They had lost three wickets by the time bad light drove them off shortly before the scheduled close, when they were still 17 runs away from making Surrey bat again. The Championship leaders will ensure a rocky passage today as they close in on what looks like a fifth victory.

It was a fine spell of seam bowling from James Ormond that had holed Warwickshire's first-innings reply well below their plimsoll line. No one was able to save them from having to follow on although Neil Smith had a pretty good stab at it.

Poor Ormond especially must have wondered if he had run into the storms that had been forecast for yesterday as Smith savaged him, singling out the former Leicestershire man for some humiliating treatment as he cut, drove and pulled him for six boundaries on the trot.

There was a certain amount of relief when Saqlain Mushtaq induced a bat-pad catch to get rid of Smith, but not until he had scored his second half-century of the summer, 56 of his runs coming in boundaries with a couple of sixes and 11 fours.

By then, though, Ormond had picked up his first five-wicket haul for his new county, adding Shaun Pollock, Dougie Brown and Keith Piper to his overnight victims. Pollock managed to turn in a solid fifty from 78 balls, but fell lbw two deliveries later.
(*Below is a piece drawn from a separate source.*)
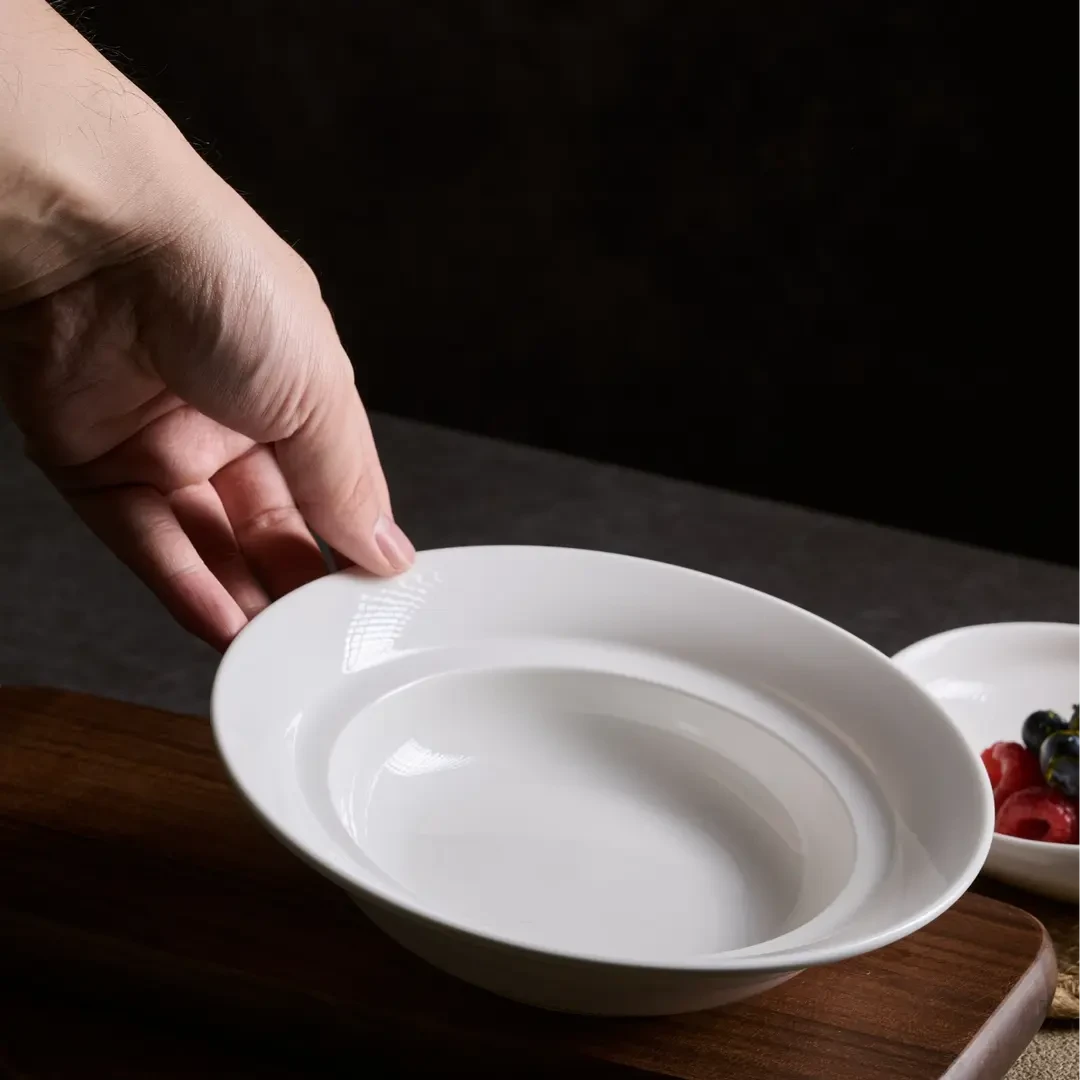 7.5寸星空草帽碗早餐碗陶瓷餐具网红高颜值酸奶碗酒店汤碗意面盘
Saqlain mopped up the lower order, but Melvyn Betts' wicket eluded him, which would have pained Saqlain, since the former Durham pace man had the effrontery to get off the mark with a six over midwicket.

It fell to Ed Giddins to end the resistance when Warwickshire were a tantalising 33 runs away from avoiding the follow-on. They began their second innings well but with the pitch – in its fourth day since it was the one that was used for Tuesday's England-India one-day international – beginning to show a lot of turn for the spinners it was no surprise that Ian Salisbury and Saqlain should make inroads.

The leg-spinner Salisbury claimed the first two to go, Michael Wagh and Ian Bell, and Saqlain took his match tally up to five with the wicket of Dominic Ostler. Both bowlers will expect more victims today.